# How to Generate Features by Group[¶](https://knowledge.dataiku.com/latest/courses/advanced-data-prep/events-aggregator/by-group.html#how-to-generate-features-by-group "Permalink to this headline")

In this mode, features are aggregated by group and the output will have one row per group.

For example, we may have a dataset recording customer activity on an e-commerce website. Each row corresponds to an event at a specific timestamp. For a given fixed date, we want to predict who is most likely to churn. So we need to group the input dataset by user. The output dataset will then have one row per user.

For reference, the final flow will look like the following.

## Preparing for the Events Aggregator[¶](https://knowledge.dataiku.com/latest/courses/advanced-data-prep/events-aggregator/by-group.html#preparing-for-the-events-aggregator "Permalink to this headline")

The flow begins with two CSV source files. Download the archive containing these files, extract them from the archive, and use them to create two new Uploaded Files datasets.

While creating each dataset, go to the **Schema** tab and click **Infer types from data**.

Next, we need to Sync these datasets to SQL datasets, because the plugin works on SQL datasets. Now the *user\_activity* SQL dataset is ready for the Events Aggregator.

## Applying the Events Aggregator[¶](https://knowledge.dataiku.com/latest/courses/advanced-data-prep/events-aggregator/by-group.html#applying-the-events-aggregator "Permalink to this headline")

In the Flow, select **+Recipe > Feature factory: events-aggregator** to open the plugin recipe.

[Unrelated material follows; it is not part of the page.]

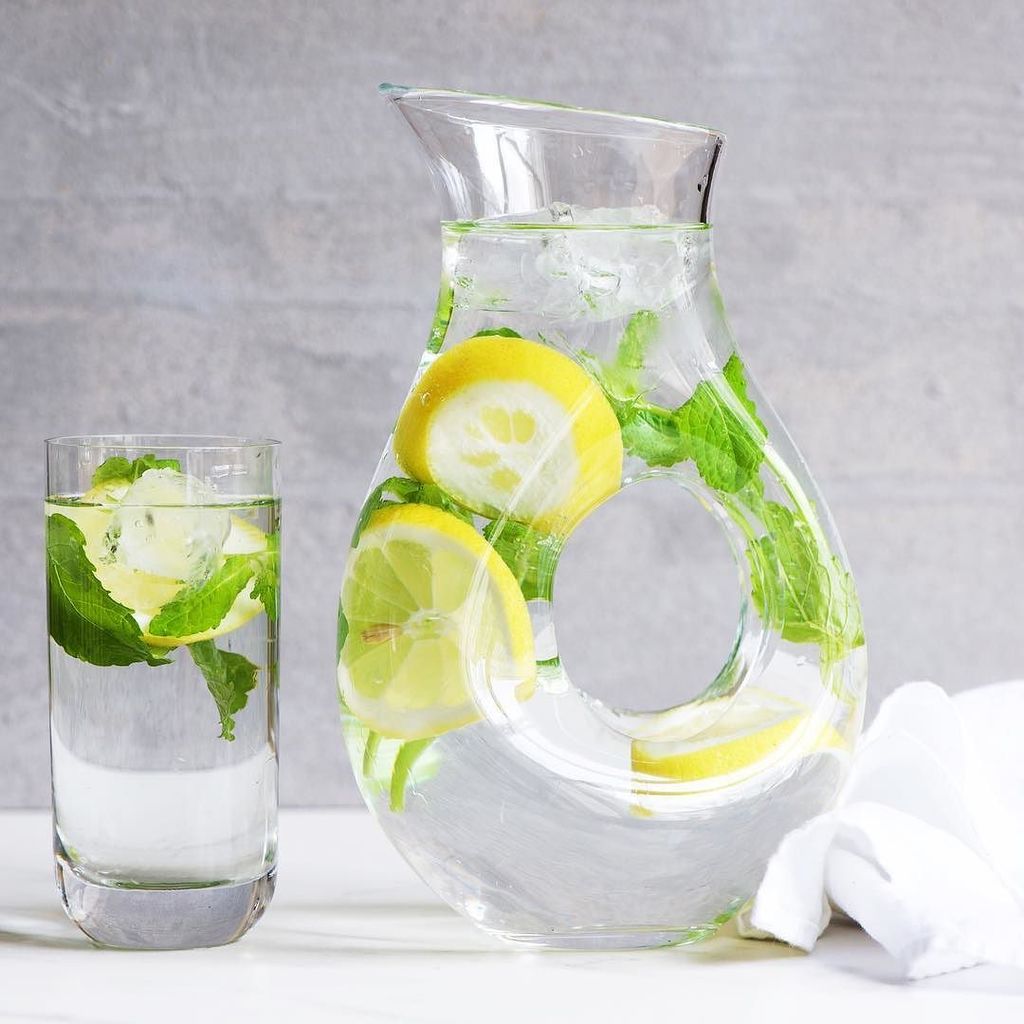 Remember to stay hydrated 😁 💦 🍋 🌿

Set *user\_activity* as the input dataset, create *user\_features* as the output dataset, and create the recipe.

We want to aggregate features for each customer, ending with a dataset that has one row per customer, so we define the groups by *user\_id* and select **By group** as the level of aggregation. We also select *event\_timestamp* as the column that defines when the events occurred.

We chose to allow input feature definition to be automatic. The chosen columns are used to generate the output aggregated features.

In order to capture the mid-short term trend, we chose to add a temporal window with a **window width in months** of 6, and checked the box to **add a window with all history**. This means that in addition to computing features on the entire event history, the recipe will generate features for events in the 6 months prior to the present.

If we wanted to generate features for each 6 month window going back for a year, we would change the setting of **Windows of each type** from 1 to 2.

## Machine Learning[¶](https://knowledge.dataiku.com/latest/courses/advanced-data-prep/events-aggregator/by-group.html#machine-learning "Permalink to this headline")

The output dataset now contains dozens of features. We join this dataset with the *user\_label* dataset, split the resulting dataset with a 70/30 random split into train and test sets, and can now directly use the new features for predicting the *target* column in the Visual Machine Learning interface. We deployed a Random Forest to the flow, and used it to score the test set.